Slowly, Ron Weasley, removed the hat from his head. It vanished from his hands, up, towards the teacher. His face felt very, very red, and he couldn’t tell if the rushing sound in his ears was from yelling or not. He felt his feet moving and looked up briefly to make sure he was heading to the correct table. (Yellow. Yellow, not Red.) He tried not to think about the many ways his brothers would shame him into the grave. He resolutely ignored the imagined faces of his parents’ surprise, the disappointment, quickly hidden by enthusiastic reassurances.

The clapping from the Hufflepuffs started before he sat, patchy and confused before it transformed to an enthusiastic welcome. A seat on the bench opened up and Ron slid in not hearing the clapping and barely registering the friendly jostling. His mind fed back to him the hat’s words on endless, malicious repeat.

“You want to stand apart from your brothers? I think you’ll really stand well then in HUFFLEPUFF.”

“You want to stand apart from your brothers? I think you’ll really stand well then in HUFFLEPUFF.”

“You want to stand apart from your brothers? I think you’ll really stand well then in HUFFLEPUFF.”

“You want to stand apart from your brothers? I think you’ll really stand well then in HUFFLEPUFF.”

He finally pulled himself out of his thoughts when the scent of food got through to him like a punch in the gut. A boy, an older student with dark short hair and dark skin and a concerned soft smile on his lips, was nudging him.

“You alright? C’mon, the foods great.” he said, then, “Is it homesickness?” Ron shook his head very quickly.
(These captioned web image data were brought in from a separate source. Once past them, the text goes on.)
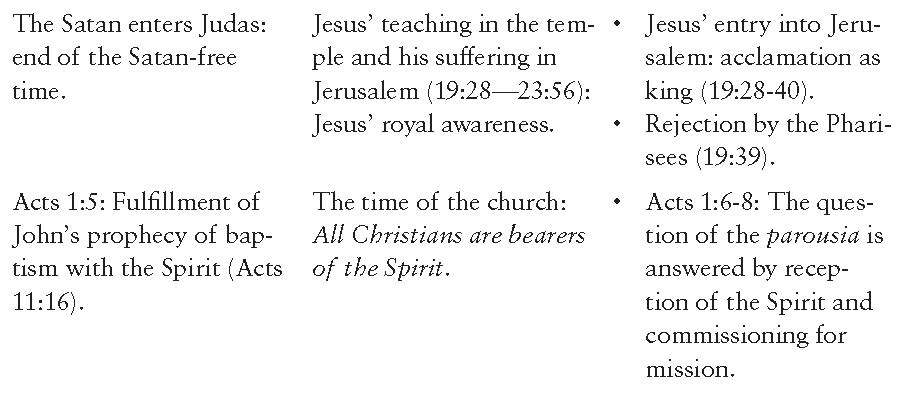 Table 16: The Salvation-Historical Conception of the Lukan Work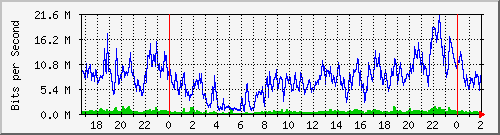 192.168.44.244_0_10 Traffic Graph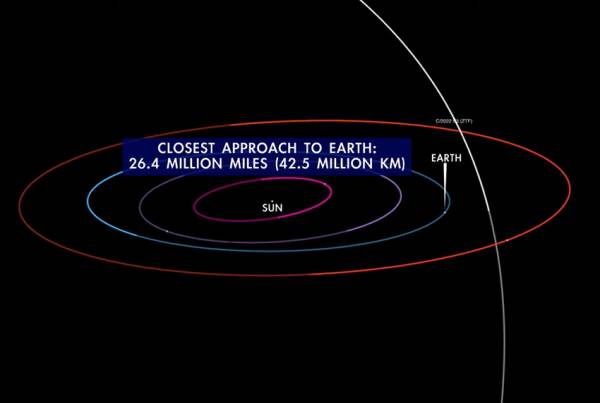 Komet Ini Akan Melintas Dekat Bumi, Bisa Dilihat dengan Mata Telanjang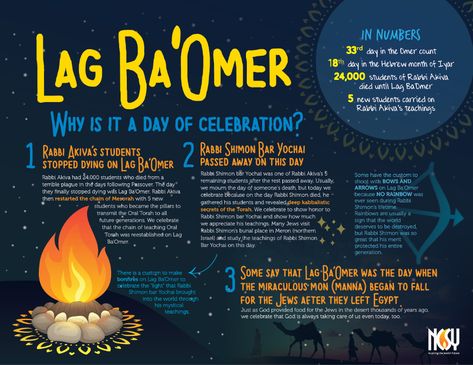 » Lag BaOmer Infographic Lag Baomer, Hebrew Months, Count Days, Jewish Heritage, What Are We, Florida Usa, New Students, School Subjects, Kids Education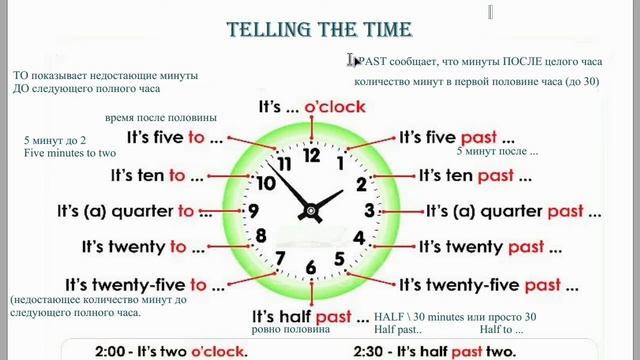 Telling the time Школа "Skills " смотреть онлайн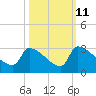 Litchfield by the Sea tide chart for Wednesday, October 11, 2023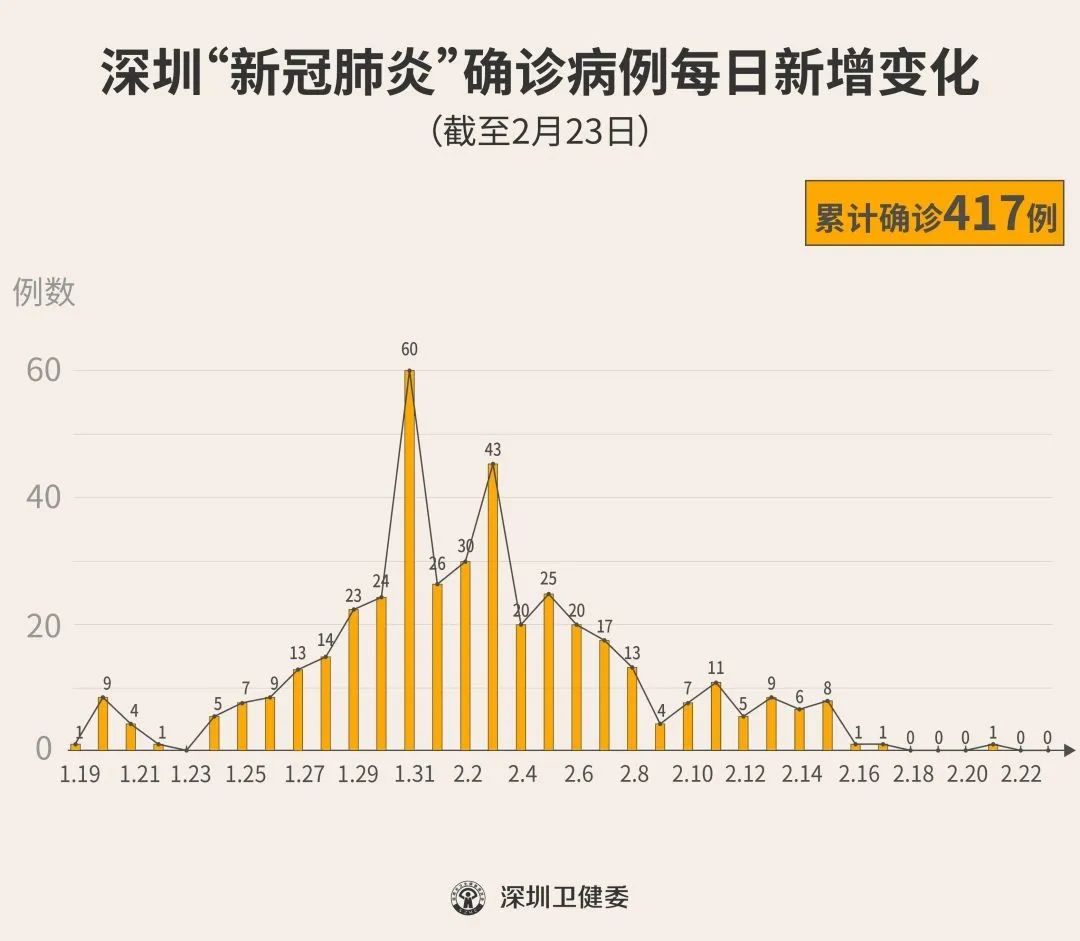 深圳人口数_杭州人口增加有规律,深圳人口增长是个谜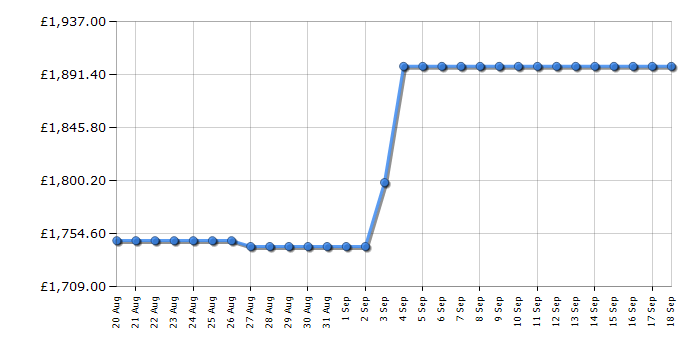 Cheapest price history chart for the Hisense RS9P628GPFE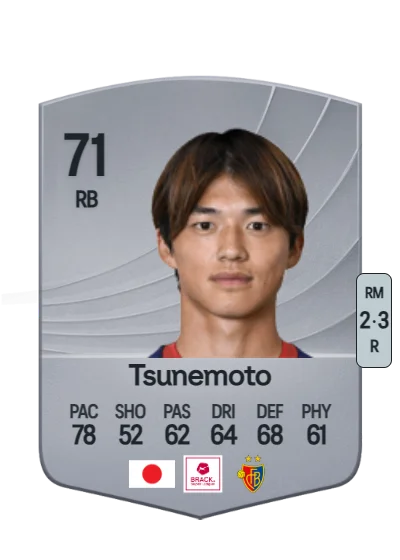 Keigo Tsunemoto card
“No, ‘m fine.” He grabbed the nearest plate and scooped out a pile of what turned out to be potatoes onto his plate. Another first year was on his left. She smiled nervously and chewed her food for a little too long before asking Ron if he “wanted to be friends, maybe?”.

“Um.” Ron said, then stuffed a potato in his mouth. The older students across the table tried to introduce themselves to him, and to her. Ron tried very hard to ignore them.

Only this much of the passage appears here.